Still, I could not get over the vitriol these dudes had for her, especially when you look at the recent numbers from the ESA and other industry think tanks. The ESA reports 45% of women account for 46% of frequent video game purchases, while women 18 and over make up 31% of the overall gamer population. Another industry firm concluded that 70% of females aged 12 to 24 played video games, while 61% of women 45 to 64 did the same. These metrics are impressive and only prove how much influence women have in geek culture. It is also shows us that more and more, this kind of behavior has to stop.

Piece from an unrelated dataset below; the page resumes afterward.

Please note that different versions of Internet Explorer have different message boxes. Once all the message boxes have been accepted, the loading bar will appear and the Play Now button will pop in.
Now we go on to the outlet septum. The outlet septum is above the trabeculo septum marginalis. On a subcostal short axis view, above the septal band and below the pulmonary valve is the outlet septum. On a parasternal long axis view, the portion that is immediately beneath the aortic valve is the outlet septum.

It is not to say that all of these and other incidents not covered have brought positive change on the geek community. In partial response to the PAX East incident, 16-bit Sirens began their popular “Cosplay ≠ Consent” campaign at Wondercon this year. Known writer Paul Cornell has publically stated he would not sit on any convention panel if there were no women on it with him. Readercon’s entire committee resigned in light of the harassment to Ms. Valentine and their inability to ban the volunteer involved. Studio 343 has a permaban in place on their Halo 4 servers for players who engage in sexual or racial harassment or defamatory behavior. But, I feel more can be done here, right fellas?

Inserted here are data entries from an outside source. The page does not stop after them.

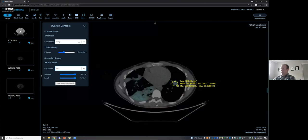That's about it in terms of the viewer — it's a pretty straightforward viewer and we've just been building pieces. The ROI features are pretty standard and we want to make them slightly more impressive going forward.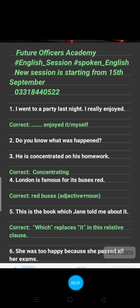Assalamu alaikum. Last video mein hum logon ne 5 sentences kar liye thay. Now number 6 is: 'My voice.' See here — 'She was too happy because she passed all her exams.' In this sentence the problem is with 'too.'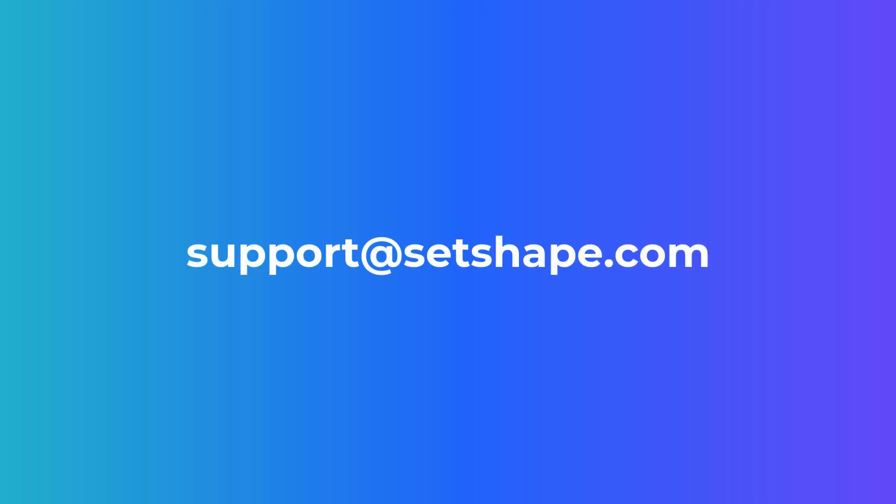If you have any further questions regarding notification templates and shape, please don't hesitate to reach out to our dedicated support team by emailing support at setshape.com.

As guys – or boys if you’re not of age yet – we need to take responsibility for our actions. Stop acting like the penis-driven asshole we are always accused of being. Just because a woman, especially an attractive one, is at a con does not give you the chance nor the reason to try and hook up with her like you’re at the club on Saturday night. Just because a female dresses in cosplay that represents a provocatively dressed character does not give you the right to take ass shots or ask stupid f’n questions about their sex lives. Also, here is a tip to the young bucks: Girls and women don’t like to be followed around or stalked, whether it is in real life or online. And finally, just because a gamer girl just took your ass out cleanly in Call of Duty doesn’t give you the right to harass the hell out of them with crass language. These women and girls are not pieces of meat or living statues for you to objectify or be lewd towards. These are people; they’re sisters, mothers, friends, wives, girlfriends, daughters, nieces and cousins. They are people and should be treated with respect.